Please give back, word for word, only the lines starting at the one containing "Two mammoths stand" and ending at the one containing "Clavier électronique HUASHENG61" within the material below.

═══ MATERIAL SHOWN ═══

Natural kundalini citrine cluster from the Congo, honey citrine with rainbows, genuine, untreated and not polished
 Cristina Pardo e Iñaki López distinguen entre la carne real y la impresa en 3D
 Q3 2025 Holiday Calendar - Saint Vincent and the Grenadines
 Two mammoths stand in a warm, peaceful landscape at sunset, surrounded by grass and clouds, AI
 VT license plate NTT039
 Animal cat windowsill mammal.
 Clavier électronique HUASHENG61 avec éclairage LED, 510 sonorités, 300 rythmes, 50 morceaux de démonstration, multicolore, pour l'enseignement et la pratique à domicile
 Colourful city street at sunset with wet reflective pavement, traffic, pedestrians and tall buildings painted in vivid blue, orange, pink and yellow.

═══

● **SOLUTION BELOW**:
 Two mammoths stand in a warm, peaceful landscape at sunset, surrounded by grass and clouds, AI
 VT license plate NTT039
 Animal cat windowsill mammal.
 Clavier électronique HUASHENG61 avec éclairage LED, 510 sonorités, 300 rythmes, 50 morceaux de démonstration, multicolore, pour l'enseignement et la pratique à domicile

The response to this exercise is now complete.